On your website, it says that Rosarium Publishing was established in 2013. Would you like to share some of the story behind Rosarium Publishing. What made you decide to put up this publishing company?
Basically, since 2004 I’d been self-publishing because there were no publishers interested in what I was doing. Even my really successful agent couldn’t find anybody who was interested in what I was doing. Meanwhile, with the first book, Sunshine Patriots, every blue moon I’d hear from a literature professor here and there about how much they liked the book. One grad student even wrote part of his dissertation on the book. Then Koontown Killing Kaper ended up being taught in a handful of colleges and universities, too.
So, there I was in 2012, with hardly anybody knowing I even existed, selling books out of the trunk of my car, and having to drive to some college to lecture about my work. I kept thinking how ridiculous it was that I was considered by some to be good enough for academia but not good enough for a publisher. I also started thinking that I couldn’t be the only writer this was happening to. Around that time I met Brett Cottrell, who was self-published despite writing a mighty fine novel (which we’ll be publishign as The End of the World Is Rye). So, I was fairly convinced that I was onto something. Then, when I came up with the idea of Mothership, I knew that I was going to be the one who published it. Hence, Rosarium was born.

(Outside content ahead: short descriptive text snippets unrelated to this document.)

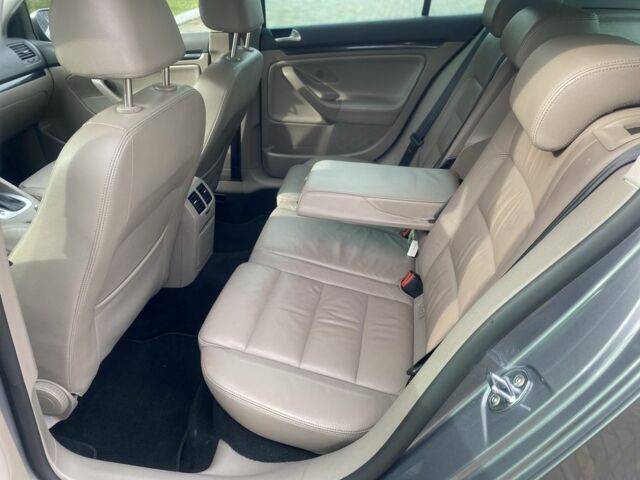 Сірий Фольксваген Гольф, об'ємом двигуна 1.4 л та пробігом 194 тис. км за 7700 $, фото 11 на Automoto.ua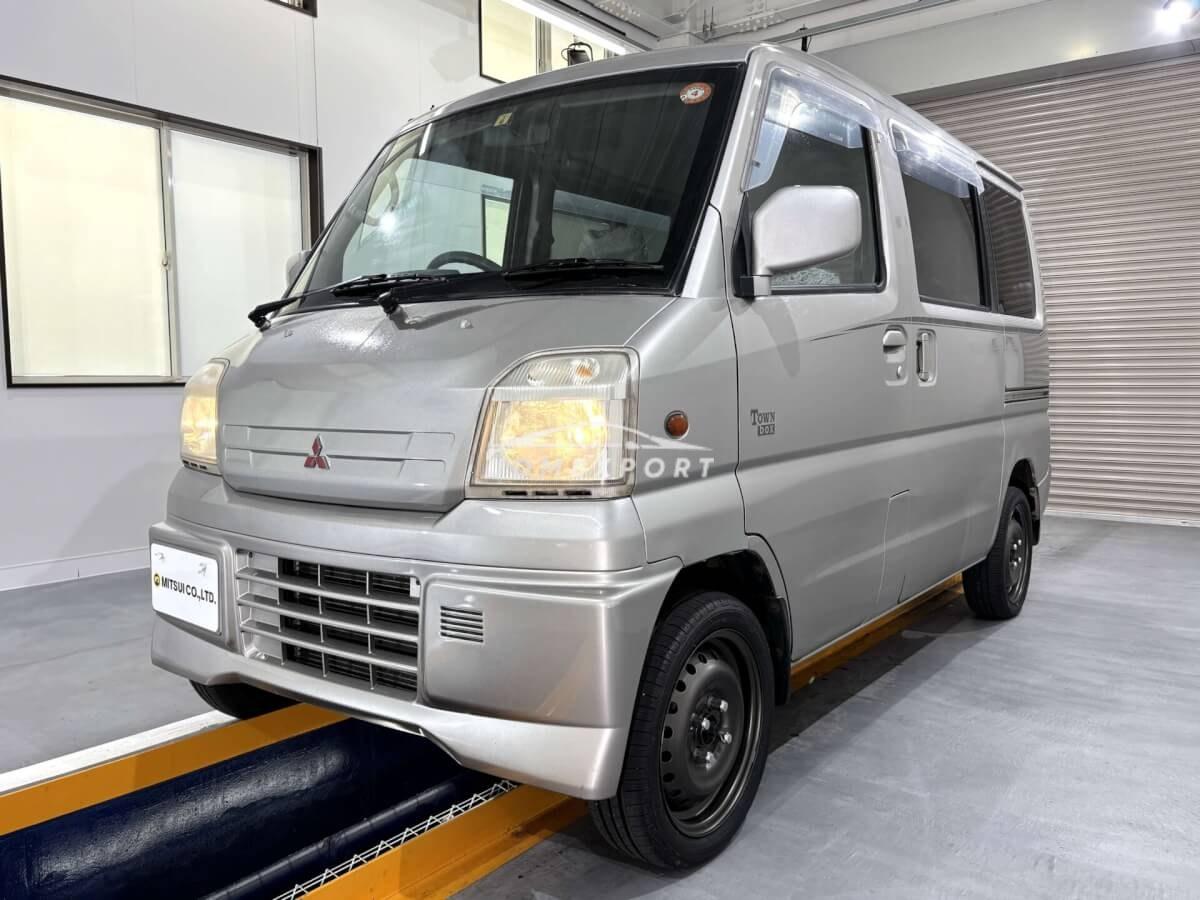 Mitsubishi Town Box 2000 thumbnail 3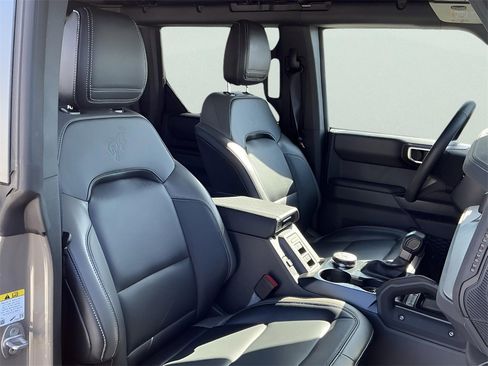 Certified 2025 Ford Bronco Outer Banks w/ Sasquatch Package image 19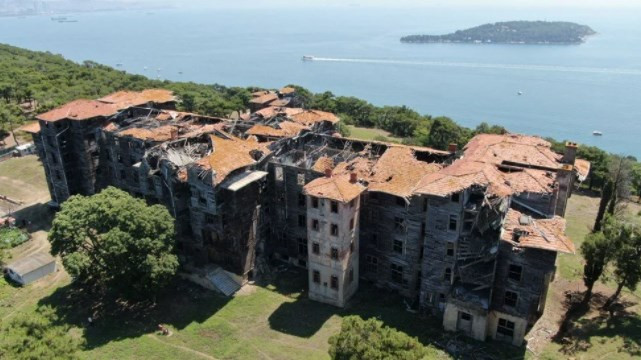 Büyükada Rum Yetimhanesi 57 yıl sonra ayağa kaldırılacak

You put out the anthology Mothership: Tales from Afrofuturism and Beyond in 2013. What made you decide to do this project and what was it like putting together this anthology? What was the most important thing for you about it?
You’ll have to blame social media for that. I started realizing that there were just a lot of writers of SFF popping up, getting published, and winning accolades. When I started writing the stuff back in the early ’90s, I felt like a kid on a desert island. There were Delany and Butler (both of whom inspired me to start writing the stuff), and I didn’t know about Charles Saunders and Steve Barnes. So, yeah, it felt mighty lonely out there. But because of social media, I got to see all these names of people I’d never heard of, and people from all over the globe (like yourself) and saw that they could really write. I just thought that this is a really exciting and dynamic time in the field and that somebody ought to document it. It wasn’t before long that I realized that that person was going to be me. When I asked Edward Austin Hall and John Jennings to be a part of it, their enthusiasm was so great, that I knew I was onto something.

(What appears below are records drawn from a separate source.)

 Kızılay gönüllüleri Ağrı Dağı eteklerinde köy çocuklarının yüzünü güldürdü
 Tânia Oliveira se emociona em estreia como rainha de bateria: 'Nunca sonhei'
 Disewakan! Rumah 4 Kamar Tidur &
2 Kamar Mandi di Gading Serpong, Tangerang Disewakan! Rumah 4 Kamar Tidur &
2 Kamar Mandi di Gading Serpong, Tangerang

As I said, I think I accidentally stumbled upon the zeitgeist. So, it was really exciting and really nerve-wracking to do something like this. I’d owned my own music trade before, but I’d never done anything like this. But because of the zeitgeist (evidenced by We See Different Frontiers, Long Hidden, and Steampunk World), the reception and enthusiasm was far greater than either Ed or I could’ve possibly imagined. It was one helluva ride!
The most important thing? Well, as I said, it was to help document this exciting moment in SFF. There are a lot of talented writers of color out there, doing good work. Also, as far as representation goes, I really believe that people should be able to tell their own stories and also to add a bit of color to the monochrome future that Hollywood’s SF often paints. I think we were fairly successful on both counts.
For a new press, you’ve gotten busy and visible very quickly. What’s the experience been like so far? Have you encountered any major obstacles? How have you dealt with them?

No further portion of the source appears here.